==== Available data ====

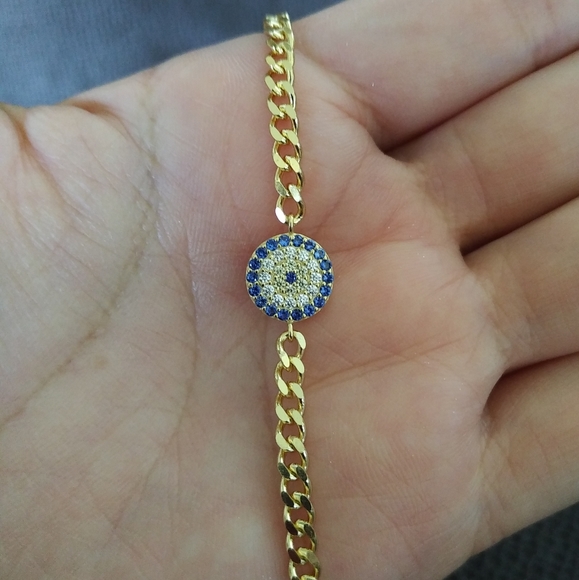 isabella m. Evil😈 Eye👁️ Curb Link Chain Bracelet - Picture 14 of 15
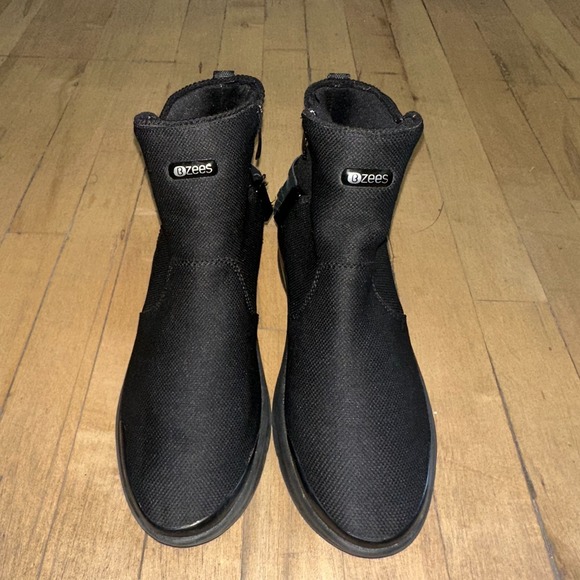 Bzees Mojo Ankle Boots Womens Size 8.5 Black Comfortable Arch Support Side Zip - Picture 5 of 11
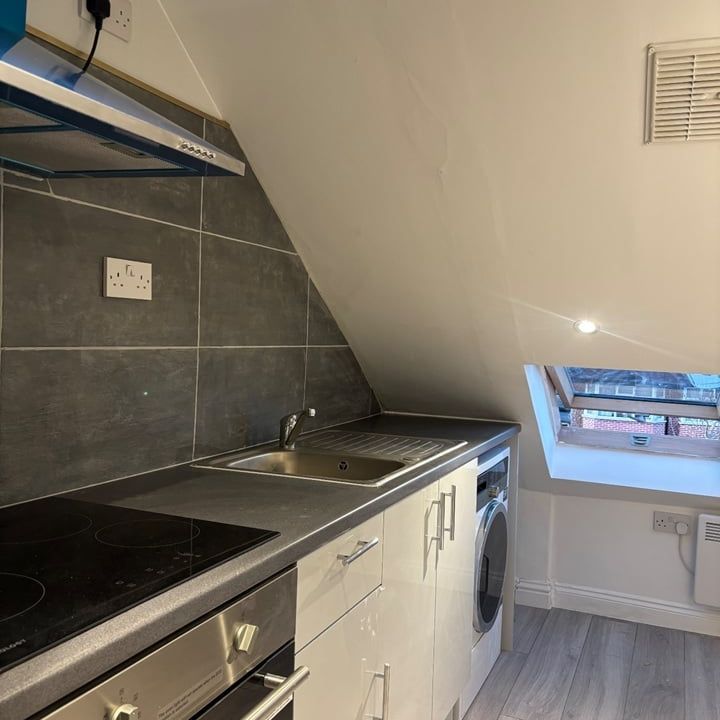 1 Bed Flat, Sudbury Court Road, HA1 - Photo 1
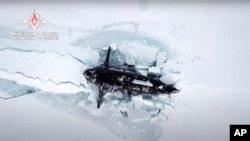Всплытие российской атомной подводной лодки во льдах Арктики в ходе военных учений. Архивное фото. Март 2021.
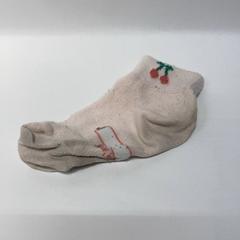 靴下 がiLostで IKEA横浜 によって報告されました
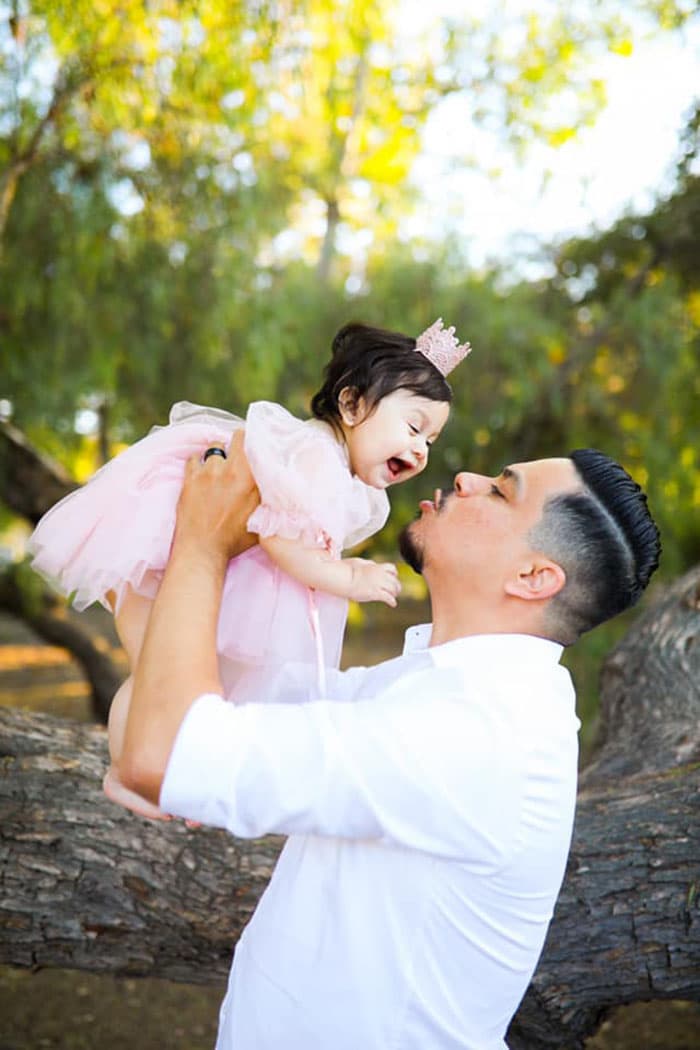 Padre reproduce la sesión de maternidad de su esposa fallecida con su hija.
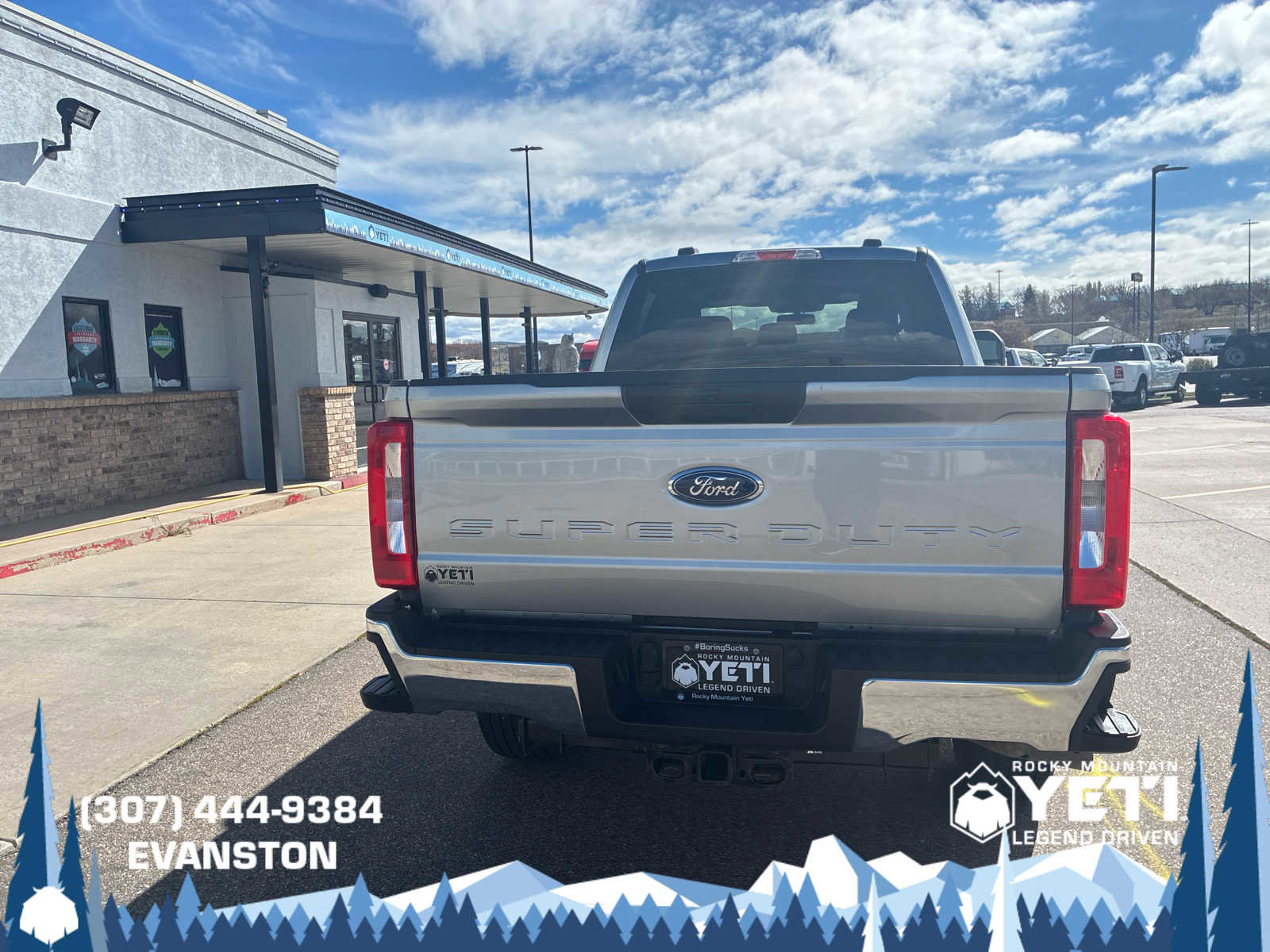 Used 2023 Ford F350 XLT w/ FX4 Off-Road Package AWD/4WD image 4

====

Exercise instructions
Nothing but the lines from the one containing "靴下 がiLostで IKEA横浜 によって報告されました" to the last line of the records should be returned, exactly as they appear and without pictures.

Expected output
 靴下 がiLostで IKEA横浜 によって報告されました
 Padre reproduce la sesión de maternidad de su esposa fallecida con su hija.
 Used 2023 Ford F350 XLT w/ FX4 Off-Road Package AWD/4WD image 4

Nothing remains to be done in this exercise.